Task
Each record that follows is to be transcribed exactly, excluding its images.
----- Records supplied
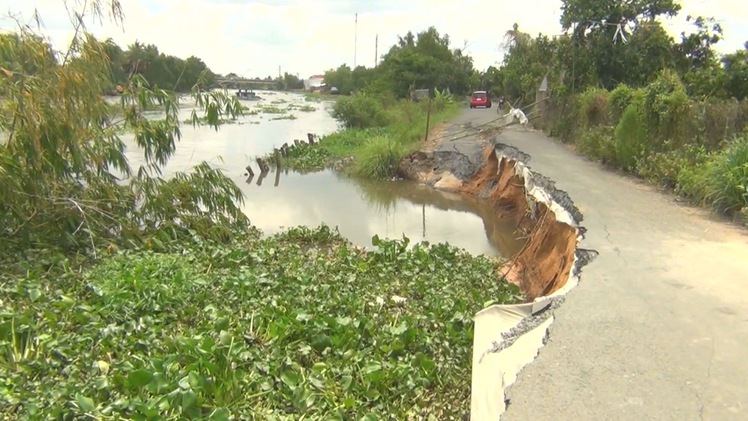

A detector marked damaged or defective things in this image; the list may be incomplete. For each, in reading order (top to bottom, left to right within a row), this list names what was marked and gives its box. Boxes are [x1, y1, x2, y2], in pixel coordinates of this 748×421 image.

damaged infrastructure [400, 133, 600, 418]
cracked asphalt [442, 107, 744, 420]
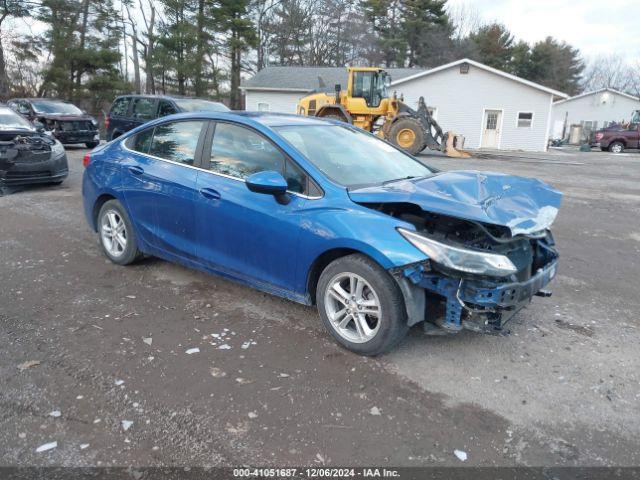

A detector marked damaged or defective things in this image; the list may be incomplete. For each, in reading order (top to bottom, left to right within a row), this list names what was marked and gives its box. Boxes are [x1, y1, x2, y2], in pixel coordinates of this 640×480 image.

crumpled hood [348, 171, 564, 236]
broken headlight [398, 229, 516, 278]
damaged bumper [396, 255, 560, 334]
----------
Reply to the exercise
A detector marked damaged or defective things in this image; the list may be incomplete. For each, in reading order (top to bottom, left to right within a row), this list names what was marked and gives its box. Boxes are [x1, y1, x2, y2], in pixel coordinates of this 748×421 image.

damaged infrastructure [400, 133, 600, 418]
cracked asphalt [442, 107, 744, 420]

A detector marked damaged or defective things in this image; the list may be incomplete. For each, in reading order (top to bottom, left to right within a row), this list names what was marked and gives its box. Boxes are [x1, y1, x2, y2], in pixel coordinates of this 640×480 image.

crumpled hood [348, 171, 564, 236]
broken headlight [398, 229, 516, 278]
damaged bumper [396, 255, 560, 334]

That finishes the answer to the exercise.